How Big Is 1 Terabyte (1TB)?
1TB
There’s only 1 of it, how big can that really be?
If you’ve ever looked into purchasing an external hard drive to backup your computer, you would have found that the smallest size available would be 1 Terabyte or more commonly known as 1TB. But how big is that really?
1TB is the same size as 1000GB which in turn is the same size as 1,000,000MB.
To put this is perspective, a 1-5 page PDF or word document is less than 0.2MB. That means a single 1TB hard drive can hold 5,000,000 word documents of 1-5 page length!
As an example, we have an eBook on the basics of Microsoft Excel which is 12 pages long and its file size is 0.4MB. That means if you had a 1TB hard drive filled with this Excel guide and printed them out double sided, you would have 2.5 million copies or 15 million pieces of paper!

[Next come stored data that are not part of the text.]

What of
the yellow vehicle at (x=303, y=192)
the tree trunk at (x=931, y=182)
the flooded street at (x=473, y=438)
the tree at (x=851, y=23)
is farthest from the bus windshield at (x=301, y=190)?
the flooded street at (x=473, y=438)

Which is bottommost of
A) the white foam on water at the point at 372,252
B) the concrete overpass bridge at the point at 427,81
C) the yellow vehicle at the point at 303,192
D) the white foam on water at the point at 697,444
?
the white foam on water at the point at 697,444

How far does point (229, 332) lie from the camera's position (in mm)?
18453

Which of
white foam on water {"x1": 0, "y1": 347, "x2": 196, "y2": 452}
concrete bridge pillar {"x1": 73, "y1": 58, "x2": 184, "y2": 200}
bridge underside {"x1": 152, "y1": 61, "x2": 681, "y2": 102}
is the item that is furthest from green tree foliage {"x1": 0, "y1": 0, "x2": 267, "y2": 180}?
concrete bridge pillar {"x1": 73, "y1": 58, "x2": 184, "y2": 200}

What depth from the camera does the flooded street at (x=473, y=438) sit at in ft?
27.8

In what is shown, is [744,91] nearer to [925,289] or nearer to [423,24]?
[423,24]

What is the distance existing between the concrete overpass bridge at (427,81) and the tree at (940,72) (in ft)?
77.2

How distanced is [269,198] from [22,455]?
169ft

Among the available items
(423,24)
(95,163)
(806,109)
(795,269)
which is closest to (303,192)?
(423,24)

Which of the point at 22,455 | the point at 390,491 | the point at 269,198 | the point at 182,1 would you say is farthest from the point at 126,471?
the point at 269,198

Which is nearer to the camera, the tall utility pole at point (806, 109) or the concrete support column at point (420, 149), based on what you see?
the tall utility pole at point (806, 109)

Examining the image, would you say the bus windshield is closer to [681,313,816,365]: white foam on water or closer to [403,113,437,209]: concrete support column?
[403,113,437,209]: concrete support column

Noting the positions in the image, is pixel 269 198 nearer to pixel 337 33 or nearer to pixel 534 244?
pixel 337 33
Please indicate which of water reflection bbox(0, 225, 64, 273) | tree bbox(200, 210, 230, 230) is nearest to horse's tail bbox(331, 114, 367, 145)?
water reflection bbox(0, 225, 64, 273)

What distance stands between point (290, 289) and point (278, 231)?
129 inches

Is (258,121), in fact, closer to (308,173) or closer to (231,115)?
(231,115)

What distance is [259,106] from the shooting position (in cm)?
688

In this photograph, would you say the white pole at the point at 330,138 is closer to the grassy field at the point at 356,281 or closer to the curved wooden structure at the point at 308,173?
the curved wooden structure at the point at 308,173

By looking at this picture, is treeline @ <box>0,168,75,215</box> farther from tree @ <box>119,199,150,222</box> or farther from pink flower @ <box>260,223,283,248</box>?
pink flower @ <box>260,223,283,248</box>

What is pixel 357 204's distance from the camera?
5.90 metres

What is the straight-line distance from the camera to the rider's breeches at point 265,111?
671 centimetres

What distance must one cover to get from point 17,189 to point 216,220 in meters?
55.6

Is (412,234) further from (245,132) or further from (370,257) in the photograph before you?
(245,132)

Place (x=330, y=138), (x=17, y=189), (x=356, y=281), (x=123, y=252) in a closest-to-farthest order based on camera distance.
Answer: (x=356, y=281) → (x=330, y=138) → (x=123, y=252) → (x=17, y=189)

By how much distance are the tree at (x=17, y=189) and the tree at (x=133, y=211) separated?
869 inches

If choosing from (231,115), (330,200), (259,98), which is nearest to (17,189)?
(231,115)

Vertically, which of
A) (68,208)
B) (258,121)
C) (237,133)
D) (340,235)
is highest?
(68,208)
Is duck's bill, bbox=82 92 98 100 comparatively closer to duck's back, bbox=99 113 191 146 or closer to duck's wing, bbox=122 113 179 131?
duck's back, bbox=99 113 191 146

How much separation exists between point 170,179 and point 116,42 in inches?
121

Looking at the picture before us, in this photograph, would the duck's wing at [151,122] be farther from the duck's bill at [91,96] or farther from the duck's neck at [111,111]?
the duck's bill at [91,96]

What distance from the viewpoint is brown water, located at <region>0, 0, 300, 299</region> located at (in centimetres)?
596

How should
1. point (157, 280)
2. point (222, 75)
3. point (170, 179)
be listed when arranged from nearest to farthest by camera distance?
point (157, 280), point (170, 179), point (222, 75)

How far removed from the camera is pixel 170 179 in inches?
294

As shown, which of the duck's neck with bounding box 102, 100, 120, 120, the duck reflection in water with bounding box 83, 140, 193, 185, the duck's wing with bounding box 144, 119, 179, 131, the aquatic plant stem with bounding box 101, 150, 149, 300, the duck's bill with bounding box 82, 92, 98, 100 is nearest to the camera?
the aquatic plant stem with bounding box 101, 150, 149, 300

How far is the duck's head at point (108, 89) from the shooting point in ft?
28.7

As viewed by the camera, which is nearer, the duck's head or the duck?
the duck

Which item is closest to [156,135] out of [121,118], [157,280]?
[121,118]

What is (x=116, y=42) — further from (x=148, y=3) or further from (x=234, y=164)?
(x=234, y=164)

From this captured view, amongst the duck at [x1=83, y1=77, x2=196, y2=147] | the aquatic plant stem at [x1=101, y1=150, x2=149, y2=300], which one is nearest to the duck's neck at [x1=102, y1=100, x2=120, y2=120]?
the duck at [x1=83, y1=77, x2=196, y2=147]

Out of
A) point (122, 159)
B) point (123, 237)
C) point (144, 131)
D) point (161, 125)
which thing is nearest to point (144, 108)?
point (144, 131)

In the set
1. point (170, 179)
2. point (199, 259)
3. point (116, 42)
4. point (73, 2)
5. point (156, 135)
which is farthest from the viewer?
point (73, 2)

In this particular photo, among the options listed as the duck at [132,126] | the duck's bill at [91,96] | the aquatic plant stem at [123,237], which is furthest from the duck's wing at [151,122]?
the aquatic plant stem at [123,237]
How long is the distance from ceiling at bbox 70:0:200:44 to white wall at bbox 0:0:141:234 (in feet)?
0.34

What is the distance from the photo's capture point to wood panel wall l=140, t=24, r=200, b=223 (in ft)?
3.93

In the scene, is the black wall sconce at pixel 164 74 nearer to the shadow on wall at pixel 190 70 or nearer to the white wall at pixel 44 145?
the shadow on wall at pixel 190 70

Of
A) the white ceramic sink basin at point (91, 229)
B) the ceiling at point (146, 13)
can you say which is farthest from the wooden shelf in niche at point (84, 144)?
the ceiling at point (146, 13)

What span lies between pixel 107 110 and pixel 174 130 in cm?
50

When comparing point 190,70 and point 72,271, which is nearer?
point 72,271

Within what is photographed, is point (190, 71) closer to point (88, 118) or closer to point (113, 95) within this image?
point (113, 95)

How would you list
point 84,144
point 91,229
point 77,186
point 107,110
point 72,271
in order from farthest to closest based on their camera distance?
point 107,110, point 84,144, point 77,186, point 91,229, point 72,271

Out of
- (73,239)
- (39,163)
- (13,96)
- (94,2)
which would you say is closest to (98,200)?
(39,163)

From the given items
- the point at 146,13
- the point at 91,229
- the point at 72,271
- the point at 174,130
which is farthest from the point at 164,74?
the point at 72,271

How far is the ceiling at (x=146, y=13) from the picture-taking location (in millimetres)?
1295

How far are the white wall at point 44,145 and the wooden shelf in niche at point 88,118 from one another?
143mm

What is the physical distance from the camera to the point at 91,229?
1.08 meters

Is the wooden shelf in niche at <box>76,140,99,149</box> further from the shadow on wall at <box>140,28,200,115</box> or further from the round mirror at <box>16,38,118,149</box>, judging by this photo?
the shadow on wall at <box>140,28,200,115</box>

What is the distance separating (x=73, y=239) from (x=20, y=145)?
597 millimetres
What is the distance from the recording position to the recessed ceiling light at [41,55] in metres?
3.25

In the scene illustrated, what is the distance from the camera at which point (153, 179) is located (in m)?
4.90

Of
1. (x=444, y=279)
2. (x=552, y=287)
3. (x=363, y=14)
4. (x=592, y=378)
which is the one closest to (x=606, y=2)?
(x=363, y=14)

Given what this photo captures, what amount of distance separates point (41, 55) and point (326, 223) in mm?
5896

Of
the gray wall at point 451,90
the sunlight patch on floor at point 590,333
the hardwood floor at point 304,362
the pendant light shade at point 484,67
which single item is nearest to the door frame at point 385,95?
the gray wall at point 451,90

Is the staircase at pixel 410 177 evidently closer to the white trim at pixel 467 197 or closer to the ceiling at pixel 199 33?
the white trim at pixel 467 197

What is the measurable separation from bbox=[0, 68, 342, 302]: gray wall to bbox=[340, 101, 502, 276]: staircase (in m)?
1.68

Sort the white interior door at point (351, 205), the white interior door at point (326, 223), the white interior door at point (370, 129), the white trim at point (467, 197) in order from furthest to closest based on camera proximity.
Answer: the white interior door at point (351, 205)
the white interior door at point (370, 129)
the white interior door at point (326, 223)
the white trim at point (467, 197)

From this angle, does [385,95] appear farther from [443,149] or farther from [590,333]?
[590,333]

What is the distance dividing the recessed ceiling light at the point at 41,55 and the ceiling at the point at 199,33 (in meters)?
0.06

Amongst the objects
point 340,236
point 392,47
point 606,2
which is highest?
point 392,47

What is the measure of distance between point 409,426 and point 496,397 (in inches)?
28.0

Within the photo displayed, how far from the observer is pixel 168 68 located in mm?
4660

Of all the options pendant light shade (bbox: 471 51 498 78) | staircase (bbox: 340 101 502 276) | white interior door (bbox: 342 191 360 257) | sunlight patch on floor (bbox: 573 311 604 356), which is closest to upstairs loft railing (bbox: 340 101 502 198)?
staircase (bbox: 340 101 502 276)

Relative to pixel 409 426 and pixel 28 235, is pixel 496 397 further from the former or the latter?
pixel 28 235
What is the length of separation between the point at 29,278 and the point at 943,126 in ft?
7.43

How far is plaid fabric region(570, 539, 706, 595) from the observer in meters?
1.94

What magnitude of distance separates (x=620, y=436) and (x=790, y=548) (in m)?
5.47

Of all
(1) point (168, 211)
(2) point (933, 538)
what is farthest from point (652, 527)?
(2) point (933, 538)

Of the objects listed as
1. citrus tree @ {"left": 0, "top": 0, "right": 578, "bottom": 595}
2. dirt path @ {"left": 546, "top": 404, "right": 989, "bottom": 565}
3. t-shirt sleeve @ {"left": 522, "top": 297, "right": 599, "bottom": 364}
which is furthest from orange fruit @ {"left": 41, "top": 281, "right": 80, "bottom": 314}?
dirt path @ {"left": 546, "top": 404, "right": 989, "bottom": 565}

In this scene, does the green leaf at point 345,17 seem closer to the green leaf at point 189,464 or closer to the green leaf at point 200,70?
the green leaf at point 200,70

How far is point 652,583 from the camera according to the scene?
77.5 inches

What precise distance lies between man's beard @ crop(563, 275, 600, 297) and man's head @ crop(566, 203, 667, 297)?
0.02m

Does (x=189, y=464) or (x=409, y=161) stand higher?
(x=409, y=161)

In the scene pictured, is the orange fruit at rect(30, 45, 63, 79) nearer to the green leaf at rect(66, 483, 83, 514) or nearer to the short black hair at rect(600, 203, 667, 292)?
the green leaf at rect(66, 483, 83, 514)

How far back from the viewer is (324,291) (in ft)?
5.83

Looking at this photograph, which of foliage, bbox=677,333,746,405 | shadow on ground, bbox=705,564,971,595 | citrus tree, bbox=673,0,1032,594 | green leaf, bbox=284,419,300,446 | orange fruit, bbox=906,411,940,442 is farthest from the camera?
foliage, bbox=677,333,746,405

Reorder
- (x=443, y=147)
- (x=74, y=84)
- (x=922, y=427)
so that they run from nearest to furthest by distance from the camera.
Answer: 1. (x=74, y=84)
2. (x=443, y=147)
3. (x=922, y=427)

That means if you stacked all of these pieces of paper on top of one another, you would have a pile 750m tall which is even taller than the Eiffel Tower. In fact, it would be taller than 2 Eiffel Towers!
To use another example, the entirety of Wikipedia is 51GB. So you could hold just under 20 copies of Wikipedia on a 1TB hard-drive.
When printed off and bound into ‘Encyclopædia Britannica’ sized volumes, Wikipedia would fill HEAPS of bookshelves as the image below shows. That’s a lot of knowledge! And too imagine, 19 FULL copies of Wikipedia would fit on a single 1TB hard drive.